* [TASK DIRECTIONS]: Give back the entries exactly, ending with the "Foto de Servidores" line.

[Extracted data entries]
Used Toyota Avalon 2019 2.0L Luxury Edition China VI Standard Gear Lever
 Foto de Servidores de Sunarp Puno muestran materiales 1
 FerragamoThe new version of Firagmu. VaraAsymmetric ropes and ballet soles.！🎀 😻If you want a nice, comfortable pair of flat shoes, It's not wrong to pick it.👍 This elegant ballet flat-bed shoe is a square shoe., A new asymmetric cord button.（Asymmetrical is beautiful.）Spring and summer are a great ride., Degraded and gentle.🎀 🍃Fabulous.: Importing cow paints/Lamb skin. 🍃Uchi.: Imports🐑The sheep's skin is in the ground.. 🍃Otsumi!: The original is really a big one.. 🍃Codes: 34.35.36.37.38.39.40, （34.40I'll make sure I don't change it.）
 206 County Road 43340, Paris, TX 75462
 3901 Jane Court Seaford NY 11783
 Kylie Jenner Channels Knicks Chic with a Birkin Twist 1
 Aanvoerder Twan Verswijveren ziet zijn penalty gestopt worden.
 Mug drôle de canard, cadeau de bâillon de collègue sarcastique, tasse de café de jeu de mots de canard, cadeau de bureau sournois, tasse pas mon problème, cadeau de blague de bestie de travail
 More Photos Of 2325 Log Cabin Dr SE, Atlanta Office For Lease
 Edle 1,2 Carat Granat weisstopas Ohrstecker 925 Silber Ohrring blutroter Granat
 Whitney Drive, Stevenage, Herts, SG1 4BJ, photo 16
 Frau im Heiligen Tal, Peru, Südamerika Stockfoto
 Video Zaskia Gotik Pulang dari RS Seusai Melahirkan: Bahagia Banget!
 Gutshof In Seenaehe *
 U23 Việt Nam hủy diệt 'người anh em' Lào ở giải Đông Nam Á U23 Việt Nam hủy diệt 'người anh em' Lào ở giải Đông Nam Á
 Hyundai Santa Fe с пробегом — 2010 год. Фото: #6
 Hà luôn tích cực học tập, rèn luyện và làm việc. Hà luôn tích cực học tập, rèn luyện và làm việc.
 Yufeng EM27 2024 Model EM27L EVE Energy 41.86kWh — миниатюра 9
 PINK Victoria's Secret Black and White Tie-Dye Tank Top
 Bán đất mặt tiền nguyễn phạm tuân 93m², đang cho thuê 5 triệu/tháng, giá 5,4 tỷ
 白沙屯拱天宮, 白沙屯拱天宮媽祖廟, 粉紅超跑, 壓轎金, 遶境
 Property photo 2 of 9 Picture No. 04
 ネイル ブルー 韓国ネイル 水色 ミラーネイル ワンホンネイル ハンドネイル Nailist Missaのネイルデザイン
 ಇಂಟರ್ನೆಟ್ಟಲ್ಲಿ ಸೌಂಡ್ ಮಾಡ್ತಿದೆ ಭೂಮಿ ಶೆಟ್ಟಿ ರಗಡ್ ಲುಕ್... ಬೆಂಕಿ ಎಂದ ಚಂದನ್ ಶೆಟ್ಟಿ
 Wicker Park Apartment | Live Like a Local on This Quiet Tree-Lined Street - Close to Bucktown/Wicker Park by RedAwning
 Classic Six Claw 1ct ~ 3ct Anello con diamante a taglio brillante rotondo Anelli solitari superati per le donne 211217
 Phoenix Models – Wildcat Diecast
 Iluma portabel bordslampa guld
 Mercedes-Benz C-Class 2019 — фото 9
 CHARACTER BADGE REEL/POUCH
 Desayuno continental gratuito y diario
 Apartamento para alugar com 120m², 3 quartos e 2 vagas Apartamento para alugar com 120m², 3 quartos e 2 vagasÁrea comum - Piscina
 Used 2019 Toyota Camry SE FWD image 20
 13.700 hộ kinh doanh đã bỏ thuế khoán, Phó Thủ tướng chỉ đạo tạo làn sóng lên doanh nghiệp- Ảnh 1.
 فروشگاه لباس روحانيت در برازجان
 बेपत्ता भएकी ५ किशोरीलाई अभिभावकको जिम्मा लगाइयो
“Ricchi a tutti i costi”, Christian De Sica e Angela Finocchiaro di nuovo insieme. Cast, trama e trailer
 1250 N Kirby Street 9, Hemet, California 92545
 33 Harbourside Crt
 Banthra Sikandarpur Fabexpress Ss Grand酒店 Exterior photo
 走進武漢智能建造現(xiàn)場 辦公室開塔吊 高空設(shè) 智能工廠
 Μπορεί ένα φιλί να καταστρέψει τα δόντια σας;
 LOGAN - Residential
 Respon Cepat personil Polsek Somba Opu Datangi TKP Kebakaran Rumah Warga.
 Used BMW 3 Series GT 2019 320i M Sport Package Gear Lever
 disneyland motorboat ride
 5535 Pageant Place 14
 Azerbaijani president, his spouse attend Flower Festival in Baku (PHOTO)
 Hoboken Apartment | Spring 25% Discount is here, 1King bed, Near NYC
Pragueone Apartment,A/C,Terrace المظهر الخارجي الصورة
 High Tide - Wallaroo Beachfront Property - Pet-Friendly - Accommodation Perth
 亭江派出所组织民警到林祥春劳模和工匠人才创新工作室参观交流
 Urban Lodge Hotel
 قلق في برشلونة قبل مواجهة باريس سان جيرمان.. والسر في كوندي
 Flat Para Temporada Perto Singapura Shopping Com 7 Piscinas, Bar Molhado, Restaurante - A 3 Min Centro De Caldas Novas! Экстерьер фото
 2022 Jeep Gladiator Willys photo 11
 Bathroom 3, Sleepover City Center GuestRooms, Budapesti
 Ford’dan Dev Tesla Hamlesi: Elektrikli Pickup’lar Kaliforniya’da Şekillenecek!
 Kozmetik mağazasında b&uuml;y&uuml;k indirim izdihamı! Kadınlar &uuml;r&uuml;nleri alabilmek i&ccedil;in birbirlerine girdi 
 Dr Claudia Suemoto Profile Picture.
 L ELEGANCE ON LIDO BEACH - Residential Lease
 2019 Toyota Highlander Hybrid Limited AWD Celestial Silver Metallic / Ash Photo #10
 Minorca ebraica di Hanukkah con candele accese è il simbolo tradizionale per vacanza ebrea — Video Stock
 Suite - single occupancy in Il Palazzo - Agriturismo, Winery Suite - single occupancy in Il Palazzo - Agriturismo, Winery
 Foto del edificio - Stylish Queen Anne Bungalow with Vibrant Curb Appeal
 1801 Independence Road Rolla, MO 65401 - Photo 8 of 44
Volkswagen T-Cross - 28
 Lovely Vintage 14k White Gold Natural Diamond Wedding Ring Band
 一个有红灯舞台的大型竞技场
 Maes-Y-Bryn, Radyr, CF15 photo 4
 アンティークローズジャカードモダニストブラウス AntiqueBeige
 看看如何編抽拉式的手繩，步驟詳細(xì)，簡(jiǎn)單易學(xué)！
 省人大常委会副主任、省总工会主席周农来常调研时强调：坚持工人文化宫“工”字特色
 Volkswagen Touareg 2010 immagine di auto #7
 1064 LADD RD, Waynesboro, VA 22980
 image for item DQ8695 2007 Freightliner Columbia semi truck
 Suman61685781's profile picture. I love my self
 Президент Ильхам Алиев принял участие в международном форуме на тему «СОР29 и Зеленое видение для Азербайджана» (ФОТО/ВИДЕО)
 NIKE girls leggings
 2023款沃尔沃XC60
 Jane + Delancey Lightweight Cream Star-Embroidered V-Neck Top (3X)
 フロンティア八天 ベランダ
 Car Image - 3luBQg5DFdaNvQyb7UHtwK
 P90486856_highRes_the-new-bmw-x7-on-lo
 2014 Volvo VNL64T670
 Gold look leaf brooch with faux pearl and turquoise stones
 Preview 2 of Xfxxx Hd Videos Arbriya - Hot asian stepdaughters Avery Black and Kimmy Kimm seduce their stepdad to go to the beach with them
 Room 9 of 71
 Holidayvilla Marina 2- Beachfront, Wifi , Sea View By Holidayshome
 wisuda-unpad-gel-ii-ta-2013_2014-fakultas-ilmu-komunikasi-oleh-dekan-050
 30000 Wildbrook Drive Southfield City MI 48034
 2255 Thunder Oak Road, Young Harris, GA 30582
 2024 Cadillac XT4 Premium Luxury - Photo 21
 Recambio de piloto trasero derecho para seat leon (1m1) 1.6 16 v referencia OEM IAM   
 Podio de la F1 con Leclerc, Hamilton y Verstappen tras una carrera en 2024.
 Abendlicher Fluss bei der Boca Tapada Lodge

* [SOLUTION TO THE PROBLEM]:
Used Toyota Avalon 2019 2.0L Luxury Edition China VI Standard Gear Lever
 Foto de Servidores de Sunarp Puno muestran materiales 1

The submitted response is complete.